More than 94 percent of the West drought this week, according to the US Drought Monitor, with six states entirely in drought status: California, Nevada, Oregon, Idaho, Utah, and Montana.
Parts of the West saw record-setting rainfall that brought some slight relief to the region, but most areas remain dry.
Against the backdrop of climate change-fueled drought, wildfires have charred nearly 6 million acres of vegetation across the region. Fire experts say that dry and windy conditions create a prime environment for wildfires to spark and spread.
Scientists say the multi-year drought is a clear sign of how the climate crisis is affecting not only the weather, but water supply, food production and electricity generation.
A vast majority of California is currently in extreme or exceptional drought, the two most severe categories. Across the West, drought has strained water resources.

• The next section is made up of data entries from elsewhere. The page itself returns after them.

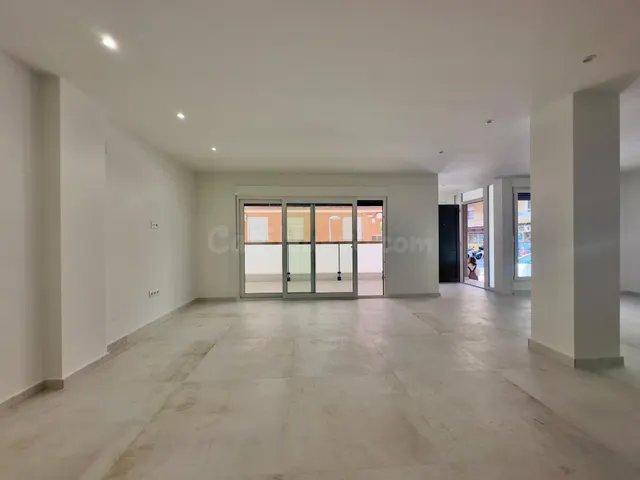 Apartamento reformado de 3 dormitorios y 2 baños en Torrevieja — 16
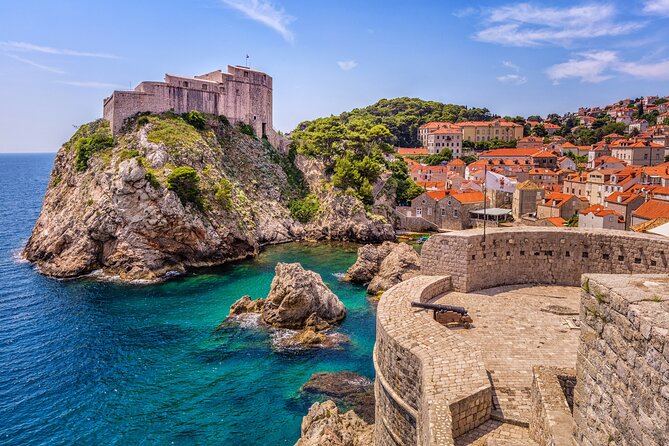 Dubrovnik Scavenger Hunt and Highlights Self Guided Audio Tour - Getting Started at Pile Gate With the World City Trail App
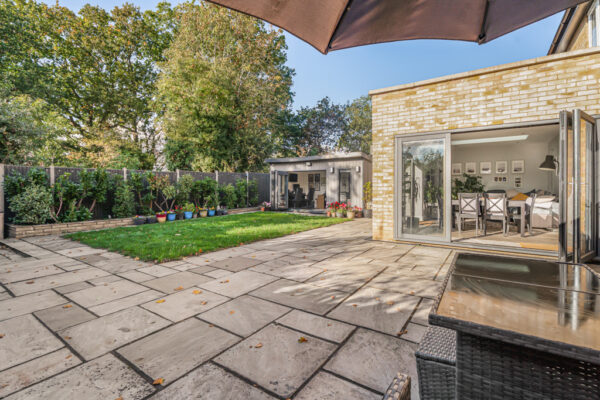 Lilbourne Drive, Hertford, SG13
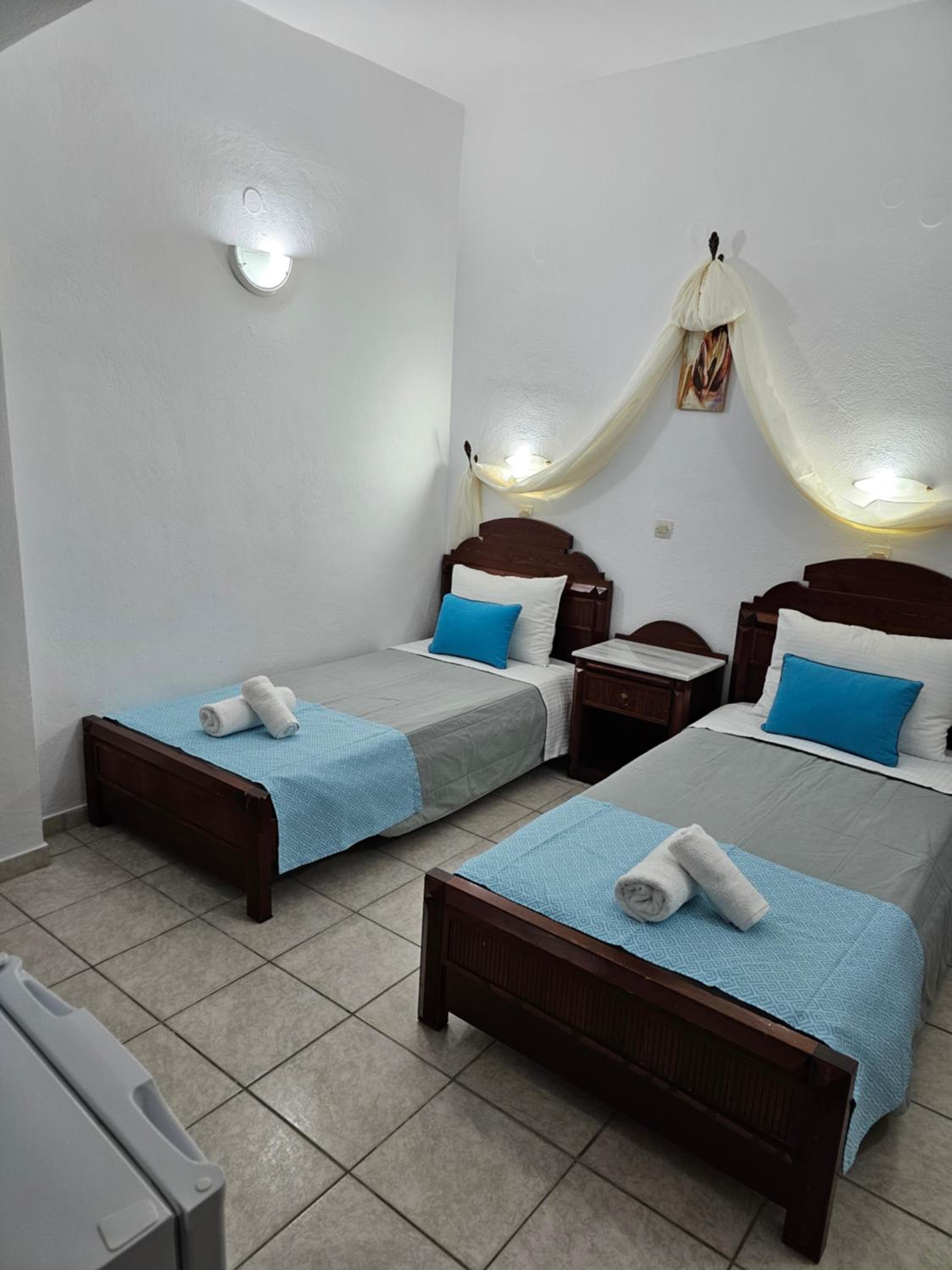 Standard Twin Room - Photo 5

“At the end of August, California’s 154 intrastate reservoirs contained 13.8 million acre-feet of water, just 60% of average for the date,” the Drought Monitor reported. Reservoir levels were less than half of average in Nevada, New Mexico and Oregon, as well.
In the Southwest, climate change-fueled drought has pushed the level in Lake Mead, the country’s largest reservoir, to unprecedented lows. The US Bureau of Reclamation in August declared a water shortage on the Colorado River for the first time, triggering mandatory water consumption cuts for states in the Southwest beginning in 2022.
According to the US Department of Agriculture, at least half of the acreage allotted to rangeland and pastures was rated in “very poor” to “poor” conditions across eight of the 11 Western states, with Washington (96%), Montana (88%), and Oregon (87%) experiencing the worst conditions.
As the planet warms, drought and extreme heat will also fuel deadly wildfires. Multiple studies have linked rising carbon dioxide emissions and high temperatures to increased acreage of burning across the West, particularly in California.
The West experienced extremely low rain and snowfall over the past year, compounded by drastically high temperatures. Less rain and increasing heat waves have led directly to drought conditions and water shortages.
But recent rainfall alleviated drought across California and the Pacific Northwest. Overall, this summer has seen well above-average monsoon rainfall in the Southwest region, with many locations receiving some of their highest summer rainfall totals on record.
“Any benefit from patchy rainfall across northern California and the interior Northwest was largely offset by above-normal temperatures,” the Drought Monitor reported.
As climate change accelerates and winter temperatures increase, snowfall will decrease. High-elevation snowpack serves as a natural reservoir that eases drought, storing water through the winter months and slowly releasing it through the spring melting season.
Stream and river flow
Streamflow, a measure of how much water is carried by rivers and streams, is another significant indicator of drought and its impact.
As drought conditions have worsened in 2021, hundreds of stream and river locations are experiencing below-average flow. Fishing restrictions have also been put in place on many rivers in Montana due to low flows and warm waters.
Changes in streamflow affect the water supply for municipal use such as drinking and bathing, crop irrigation and power generation.